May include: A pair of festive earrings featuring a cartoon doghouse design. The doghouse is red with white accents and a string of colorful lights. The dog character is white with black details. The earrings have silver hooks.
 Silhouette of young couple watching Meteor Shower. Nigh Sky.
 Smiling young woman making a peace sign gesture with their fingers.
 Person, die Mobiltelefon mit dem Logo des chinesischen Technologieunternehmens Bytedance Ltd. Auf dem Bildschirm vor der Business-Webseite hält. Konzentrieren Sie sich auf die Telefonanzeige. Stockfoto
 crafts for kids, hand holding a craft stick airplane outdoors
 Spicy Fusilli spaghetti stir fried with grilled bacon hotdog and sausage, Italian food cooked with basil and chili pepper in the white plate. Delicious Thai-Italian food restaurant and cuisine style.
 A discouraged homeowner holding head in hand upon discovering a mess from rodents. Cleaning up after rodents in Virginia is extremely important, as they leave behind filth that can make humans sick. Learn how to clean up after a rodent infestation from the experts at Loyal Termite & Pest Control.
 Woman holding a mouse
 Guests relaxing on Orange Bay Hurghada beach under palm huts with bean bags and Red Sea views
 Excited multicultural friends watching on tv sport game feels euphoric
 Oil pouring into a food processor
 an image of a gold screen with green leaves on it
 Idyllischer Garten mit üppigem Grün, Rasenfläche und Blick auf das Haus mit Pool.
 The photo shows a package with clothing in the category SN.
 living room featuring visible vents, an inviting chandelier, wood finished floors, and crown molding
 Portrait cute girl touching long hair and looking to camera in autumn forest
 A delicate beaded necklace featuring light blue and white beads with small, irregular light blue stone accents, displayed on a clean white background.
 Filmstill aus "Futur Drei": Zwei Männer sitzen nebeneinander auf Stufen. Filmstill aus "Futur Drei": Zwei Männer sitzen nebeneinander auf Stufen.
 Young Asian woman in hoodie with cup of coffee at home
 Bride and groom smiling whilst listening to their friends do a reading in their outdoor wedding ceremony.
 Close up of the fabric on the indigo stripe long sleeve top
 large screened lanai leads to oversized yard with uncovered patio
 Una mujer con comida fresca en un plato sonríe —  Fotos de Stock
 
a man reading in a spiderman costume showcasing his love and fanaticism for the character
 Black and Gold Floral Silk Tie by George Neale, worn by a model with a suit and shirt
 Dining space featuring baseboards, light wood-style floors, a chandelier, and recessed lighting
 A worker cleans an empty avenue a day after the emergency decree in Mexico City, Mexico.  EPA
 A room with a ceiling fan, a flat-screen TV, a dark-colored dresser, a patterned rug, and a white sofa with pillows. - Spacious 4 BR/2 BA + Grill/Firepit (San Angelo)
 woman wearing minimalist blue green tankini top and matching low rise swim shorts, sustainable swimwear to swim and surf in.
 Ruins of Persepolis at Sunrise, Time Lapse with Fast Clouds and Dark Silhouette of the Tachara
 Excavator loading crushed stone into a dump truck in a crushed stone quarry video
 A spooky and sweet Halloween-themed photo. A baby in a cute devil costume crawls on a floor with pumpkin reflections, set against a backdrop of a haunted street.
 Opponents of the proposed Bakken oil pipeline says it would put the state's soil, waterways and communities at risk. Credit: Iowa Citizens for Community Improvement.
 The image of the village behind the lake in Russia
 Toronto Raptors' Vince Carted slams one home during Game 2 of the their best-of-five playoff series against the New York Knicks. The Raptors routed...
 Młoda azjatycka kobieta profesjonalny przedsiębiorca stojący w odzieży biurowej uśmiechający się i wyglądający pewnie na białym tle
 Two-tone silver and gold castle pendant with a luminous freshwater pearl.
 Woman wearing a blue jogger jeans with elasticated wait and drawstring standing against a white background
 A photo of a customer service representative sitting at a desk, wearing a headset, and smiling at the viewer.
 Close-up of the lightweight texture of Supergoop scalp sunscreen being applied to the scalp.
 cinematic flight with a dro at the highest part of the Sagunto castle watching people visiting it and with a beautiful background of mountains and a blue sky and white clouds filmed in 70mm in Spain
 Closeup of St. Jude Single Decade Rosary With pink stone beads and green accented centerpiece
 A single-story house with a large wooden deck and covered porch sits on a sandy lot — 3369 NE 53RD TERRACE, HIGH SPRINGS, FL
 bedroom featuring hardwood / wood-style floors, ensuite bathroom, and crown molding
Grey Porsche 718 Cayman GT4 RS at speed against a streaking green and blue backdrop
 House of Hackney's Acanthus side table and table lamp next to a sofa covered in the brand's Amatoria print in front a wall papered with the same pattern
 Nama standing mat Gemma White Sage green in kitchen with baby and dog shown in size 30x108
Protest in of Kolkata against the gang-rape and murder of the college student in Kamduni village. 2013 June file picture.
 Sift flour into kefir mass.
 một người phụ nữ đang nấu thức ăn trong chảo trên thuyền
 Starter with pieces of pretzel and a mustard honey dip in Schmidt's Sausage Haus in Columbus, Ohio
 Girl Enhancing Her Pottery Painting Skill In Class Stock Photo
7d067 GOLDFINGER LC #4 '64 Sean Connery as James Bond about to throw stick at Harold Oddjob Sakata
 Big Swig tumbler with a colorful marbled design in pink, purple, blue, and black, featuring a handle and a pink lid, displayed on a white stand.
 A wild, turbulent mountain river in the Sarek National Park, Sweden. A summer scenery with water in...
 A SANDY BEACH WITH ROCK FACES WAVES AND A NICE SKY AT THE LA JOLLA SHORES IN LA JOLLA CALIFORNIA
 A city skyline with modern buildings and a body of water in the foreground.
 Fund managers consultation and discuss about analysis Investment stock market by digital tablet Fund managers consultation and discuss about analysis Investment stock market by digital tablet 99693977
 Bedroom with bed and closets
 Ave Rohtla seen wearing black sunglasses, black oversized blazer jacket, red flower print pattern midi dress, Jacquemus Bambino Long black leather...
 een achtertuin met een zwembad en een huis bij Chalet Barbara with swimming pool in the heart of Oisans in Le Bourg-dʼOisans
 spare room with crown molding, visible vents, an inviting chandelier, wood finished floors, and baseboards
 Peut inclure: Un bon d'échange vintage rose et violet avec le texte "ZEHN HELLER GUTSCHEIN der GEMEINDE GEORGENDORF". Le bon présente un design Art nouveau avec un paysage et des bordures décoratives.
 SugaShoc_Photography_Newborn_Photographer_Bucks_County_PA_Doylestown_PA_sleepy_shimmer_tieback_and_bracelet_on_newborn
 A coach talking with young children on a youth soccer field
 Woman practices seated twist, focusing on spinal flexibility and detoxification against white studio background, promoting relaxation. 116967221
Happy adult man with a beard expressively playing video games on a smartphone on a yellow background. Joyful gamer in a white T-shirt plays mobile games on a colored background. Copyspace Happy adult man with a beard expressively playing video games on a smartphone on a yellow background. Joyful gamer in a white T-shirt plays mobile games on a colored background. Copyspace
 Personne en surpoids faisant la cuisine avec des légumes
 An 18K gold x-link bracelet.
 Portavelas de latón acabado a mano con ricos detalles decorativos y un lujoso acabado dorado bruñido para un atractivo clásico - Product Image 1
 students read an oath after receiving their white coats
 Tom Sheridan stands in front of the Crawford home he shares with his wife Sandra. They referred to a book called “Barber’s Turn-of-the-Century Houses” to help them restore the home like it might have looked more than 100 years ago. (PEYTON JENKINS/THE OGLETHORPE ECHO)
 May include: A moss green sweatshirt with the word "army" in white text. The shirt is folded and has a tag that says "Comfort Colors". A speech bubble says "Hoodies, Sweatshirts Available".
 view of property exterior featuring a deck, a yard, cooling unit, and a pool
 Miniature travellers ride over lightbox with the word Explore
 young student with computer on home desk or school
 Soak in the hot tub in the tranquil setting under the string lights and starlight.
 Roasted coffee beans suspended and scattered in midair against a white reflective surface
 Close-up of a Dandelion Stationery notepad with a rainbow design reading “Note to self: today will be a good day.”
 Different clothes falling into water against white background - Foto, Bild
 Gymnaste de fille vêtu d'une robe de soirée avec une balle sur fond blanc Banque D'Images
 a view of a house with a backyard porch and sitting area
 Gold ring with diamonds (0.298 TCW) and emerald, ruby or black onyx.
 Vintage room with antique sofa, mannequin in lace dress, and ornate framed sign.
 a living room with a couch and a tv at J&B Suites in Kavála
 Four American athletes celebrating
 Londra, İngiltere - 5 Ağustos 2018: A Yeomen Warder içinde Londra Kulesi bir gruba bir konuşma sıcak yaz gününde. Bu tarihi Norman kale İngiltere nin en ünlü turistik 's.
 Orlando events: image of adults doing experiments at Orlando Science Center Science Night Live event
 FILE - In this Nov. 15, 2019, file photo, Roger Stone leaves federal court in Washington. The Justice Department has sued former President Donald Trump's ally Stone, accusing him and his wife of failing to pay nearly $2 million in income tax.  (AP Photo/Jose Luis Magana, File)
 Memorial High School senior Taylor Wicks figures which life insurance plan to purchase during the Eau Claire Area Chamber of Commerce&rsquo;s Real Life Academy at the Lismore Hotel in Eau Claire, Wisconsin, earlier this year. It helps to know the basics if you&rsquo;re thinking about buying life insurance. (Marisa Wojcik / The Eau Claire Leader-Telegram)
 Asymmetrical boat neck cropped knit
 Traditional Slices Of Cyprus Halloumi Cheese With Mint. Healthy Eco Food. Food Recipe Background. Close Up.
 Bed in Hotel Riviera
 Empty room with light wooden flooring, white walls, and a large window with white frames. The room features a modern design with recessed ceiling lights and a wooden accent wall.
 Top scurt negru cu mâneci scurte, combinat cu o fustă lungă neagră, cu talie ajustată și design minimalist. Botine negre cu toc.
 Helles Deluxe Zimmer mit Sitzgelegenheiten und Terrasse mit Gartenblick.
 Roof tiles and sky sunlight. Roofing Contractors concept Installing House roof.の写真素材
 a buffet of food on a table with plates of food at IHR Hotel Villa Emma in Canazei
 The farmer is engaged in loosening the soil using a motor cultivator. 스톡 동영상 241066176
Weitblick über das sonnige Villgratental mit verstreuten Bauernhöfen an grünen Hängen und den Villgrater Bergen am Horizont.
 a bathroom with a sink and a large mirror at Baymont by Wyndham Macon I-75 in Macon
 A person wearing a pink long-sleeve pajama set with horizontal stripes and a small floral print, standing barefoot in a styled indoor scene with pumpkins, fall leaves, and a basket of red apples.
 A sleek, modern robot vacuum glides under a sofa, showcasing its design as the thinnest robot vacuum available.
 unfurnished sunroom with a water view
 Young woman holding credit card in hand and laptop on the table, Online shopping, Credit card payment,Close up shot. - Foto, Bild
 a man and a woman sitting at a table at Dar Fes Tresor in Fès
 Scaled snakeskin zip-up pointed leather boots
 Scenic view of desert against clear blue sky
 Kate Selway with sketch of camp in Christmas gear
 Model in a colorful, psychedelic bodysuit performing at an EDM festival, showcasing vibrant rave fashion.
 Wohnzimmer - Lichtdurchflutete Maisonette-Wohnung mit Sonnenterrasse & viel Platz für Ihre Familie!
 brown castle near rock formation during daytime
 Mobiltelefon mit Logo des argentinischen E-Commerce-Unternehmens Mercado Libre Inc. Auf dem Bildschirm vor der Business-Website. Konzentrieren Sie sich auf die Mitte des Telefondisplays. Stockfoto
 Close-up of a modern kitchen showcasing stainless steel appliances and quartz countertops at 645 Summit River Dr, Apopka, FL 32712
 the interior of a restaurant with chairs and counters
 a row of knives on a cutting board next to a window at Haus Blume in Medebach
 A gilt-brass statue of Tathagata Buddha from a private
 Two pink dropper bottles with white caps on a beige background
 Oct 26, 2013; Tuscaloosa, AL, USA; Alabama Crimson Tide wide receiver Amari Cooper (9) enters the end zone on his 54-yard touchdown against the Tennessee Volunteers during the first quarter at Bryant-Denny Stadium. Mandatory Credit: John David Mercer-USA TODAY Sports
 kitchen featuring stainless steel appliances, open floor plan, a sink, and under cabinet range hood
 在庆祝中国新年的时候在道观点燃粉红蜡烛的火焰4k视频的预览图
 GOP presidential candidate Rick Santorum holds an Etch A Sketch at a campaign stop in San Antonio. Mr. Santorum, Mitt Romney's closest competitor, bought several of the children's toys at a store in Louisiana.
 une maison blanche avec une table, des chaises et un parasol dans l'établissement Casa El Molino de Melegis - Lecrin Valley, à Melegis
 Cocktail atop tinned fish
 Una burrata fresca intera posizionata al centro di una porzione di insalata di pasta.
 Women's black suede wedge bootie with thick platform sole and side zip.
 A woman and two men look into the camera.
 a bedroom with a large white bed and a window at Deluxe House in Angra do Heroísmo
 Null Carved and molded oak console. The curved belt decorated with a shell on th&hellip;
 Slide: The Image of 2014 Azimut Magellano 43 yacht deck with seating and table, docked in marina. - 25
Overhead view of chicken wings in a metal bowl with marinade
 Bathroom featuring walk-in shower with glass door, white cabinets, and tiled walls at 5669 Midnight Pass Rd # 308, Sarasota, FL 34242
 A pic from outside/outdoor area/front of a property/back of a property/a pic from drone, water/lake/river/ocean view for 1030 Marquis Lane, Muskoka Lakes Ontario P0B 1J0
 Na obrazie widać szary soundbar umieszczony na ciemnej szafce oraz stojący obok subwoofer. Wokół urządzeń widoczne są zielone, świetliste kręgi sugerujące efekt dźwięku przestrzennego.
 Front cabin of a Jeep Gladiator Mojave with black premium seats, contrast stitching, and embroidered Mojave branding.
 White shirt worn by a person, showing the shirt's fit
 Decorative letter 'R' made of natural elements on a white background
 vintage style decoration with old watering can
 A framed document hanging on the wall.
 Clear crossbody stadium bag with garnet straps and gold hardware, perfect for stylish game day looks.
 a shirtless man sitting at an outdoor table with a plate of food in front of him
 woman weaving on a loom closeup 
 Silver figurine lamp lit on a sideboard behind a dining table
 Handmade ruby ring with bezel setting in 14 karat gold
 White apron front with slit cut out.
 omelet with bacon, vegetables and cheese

○ ○ ○ ○ ○

What needs to be done
Return, unchanged, the run of lines above that opens with the line containing "7d067 GOLDFINGER LC" and closes with the line containing "Big Swig tumbler". Include both.

Problem solution
7d067 GOLDFINGER LC #4 '64 Sean Connery as James Bond about to throw stick at Harold Oddjob Sakata
 Big Swig tumbler with a colorful marbled design in pink, purple, blue, and black, featuring a handle and a pink lid, displayed on a white stand.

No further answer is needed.